内容简介 The publication of Harry Potter and the Deathly Hallows, the seventh and final Harry Potter novel, is probably the most eagerly anticipated event in the history of publishing.  Even the smallest hints from author J. K. Rowling about what may happen to Harry and his friends have been major news stories.
 
In The End of Harry Potter?, David Langford—Potter fan and award-winning writer—delves into the many mysteries which remain unsolved.  Is Albus Dumbledore really dead? Whose side is Severus Snape really on? What are the remaining horcruxes, where He Who Shall Not Be Named has stashed his soul?
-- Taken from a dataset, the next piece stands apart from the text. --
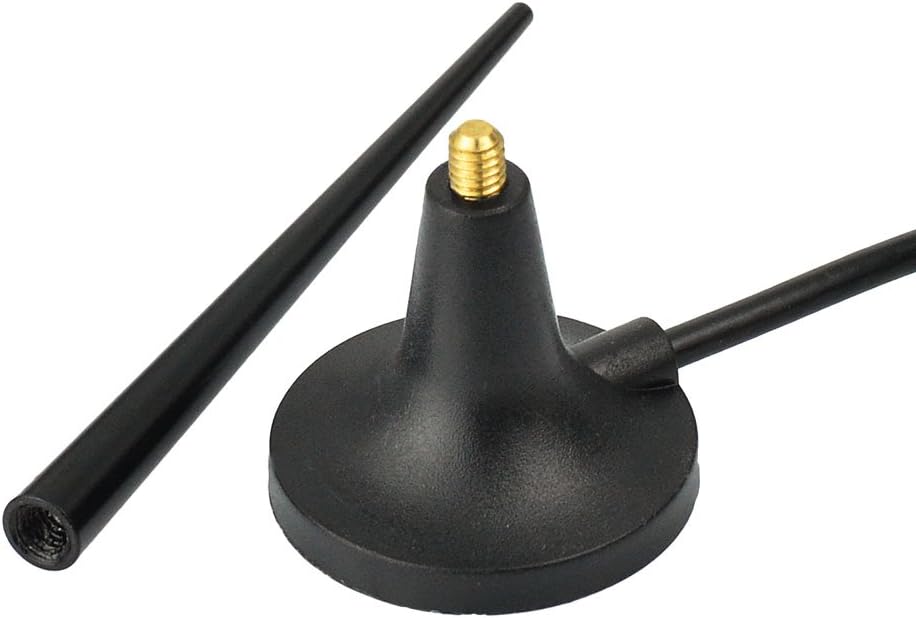 Eightwood 4G LTE Router Externe Antenne SMA Stecker 3.5dBi mit Magnet Standfuß 3m 9.8ft Kabel + SMA Buchse auf TS9 Stecker Adapter für 4G LTE GSM WLAN Bluetooth WiFi Router Mobiler Hotspot MEHRWEG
Does Harry bear a part of the Dark Lord’s soul in his scar, and is this why he understands Parseltongue?
 
J. K. Rowling is the only person who knows the answers to these questions. But in this highly entertaining book, Langford uses his deep knowledge of the six published Harry Potter novels to explore these and other mysteries, and to present a selection of possible outcomes.
 
Only the publication of Harry Potter and the Deathly Hallows will lay these questions to rest, but in the meantime, fans of the series will find David Langford’s book entertaining and thought-provoking, and a perfect way to refresh their memory of the first six books in readiness for the last.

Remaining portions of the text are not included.